## [Record excerpts]
<<<<

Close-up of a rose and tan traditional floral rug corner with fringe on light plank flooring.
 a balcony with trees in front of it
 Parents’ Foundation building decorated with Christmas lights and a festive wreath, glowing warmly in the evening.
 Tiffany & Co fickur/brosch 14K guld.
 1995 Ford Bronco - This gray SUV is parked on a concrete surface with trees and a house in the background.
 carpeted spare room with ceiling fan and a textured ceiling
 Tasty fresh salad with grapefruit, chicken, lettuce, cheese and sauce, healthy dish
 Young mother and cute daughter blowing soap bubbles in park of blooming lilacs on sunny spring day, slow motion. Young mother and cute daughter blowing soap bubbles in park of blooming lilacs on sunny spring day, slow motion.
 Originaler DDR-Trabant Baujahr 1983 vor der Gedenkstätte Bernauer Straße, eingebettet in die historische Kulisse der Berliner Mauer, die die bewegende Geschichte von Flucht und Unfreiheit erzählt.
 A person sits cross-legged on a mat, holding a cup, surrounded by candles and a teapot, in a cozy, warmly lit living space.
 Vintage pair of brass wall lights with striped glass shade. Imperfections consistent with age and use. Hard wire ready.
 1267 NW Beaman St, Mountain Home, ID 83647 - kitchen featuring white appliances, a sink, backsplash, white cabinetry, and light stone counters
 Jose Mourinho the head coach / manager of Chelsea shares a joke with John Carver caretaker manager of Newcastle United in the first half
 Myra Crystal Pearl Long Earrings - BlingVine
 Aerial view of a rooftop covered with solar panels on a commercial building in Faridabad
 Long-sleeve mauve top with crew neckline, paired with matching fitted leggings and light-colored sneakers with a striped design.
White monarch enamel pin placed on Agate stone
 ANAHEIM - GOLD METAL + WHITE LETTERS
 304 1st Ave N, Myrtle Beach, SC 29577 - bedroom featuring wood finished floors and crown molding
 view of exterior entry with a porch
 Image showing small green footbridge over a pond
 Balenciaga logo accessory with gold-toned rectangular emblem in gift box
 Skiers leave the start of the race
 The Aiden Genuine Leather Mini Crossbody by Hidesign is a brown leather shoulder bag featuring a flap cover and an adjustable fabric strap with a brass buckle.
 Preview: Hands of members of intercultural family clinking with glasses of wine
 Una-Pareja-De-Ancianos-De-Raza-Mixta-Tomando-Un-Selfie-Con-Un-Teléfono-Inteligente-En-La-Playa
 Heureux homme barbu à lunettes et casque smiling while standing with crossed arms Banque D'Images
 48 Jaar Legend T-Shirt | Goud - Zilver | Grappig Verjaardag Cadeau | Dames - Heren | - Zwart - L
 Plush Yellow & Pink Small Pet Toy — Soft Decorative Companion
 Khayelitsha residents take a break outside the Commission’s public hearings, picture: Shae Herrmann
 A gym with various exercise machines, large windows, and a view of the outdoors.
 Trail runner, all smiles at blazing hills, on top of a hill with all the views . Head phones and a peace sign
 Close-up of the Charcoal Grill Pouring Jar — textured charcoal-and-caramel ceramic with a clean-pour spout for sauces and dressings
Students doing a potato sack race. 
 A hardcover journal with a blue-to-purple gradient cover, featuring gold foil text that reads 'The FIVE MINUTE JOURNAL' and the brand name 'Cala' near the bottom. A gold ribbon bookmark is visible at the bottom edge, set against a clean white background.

>>>>

## [Required work]
Only the lines above starting at the one containing "Myra Crystal Pearl Long Earrings - BlingVine" and ending at the one containing "Aerial view of", both included, are to be returned, exactly as they read.

## [Result of the task]
 Myra Crystal Pearl Long Earrings - BlingVine
 Aerial view of a rooftop covered with solar panels on a commercial building in Faridabad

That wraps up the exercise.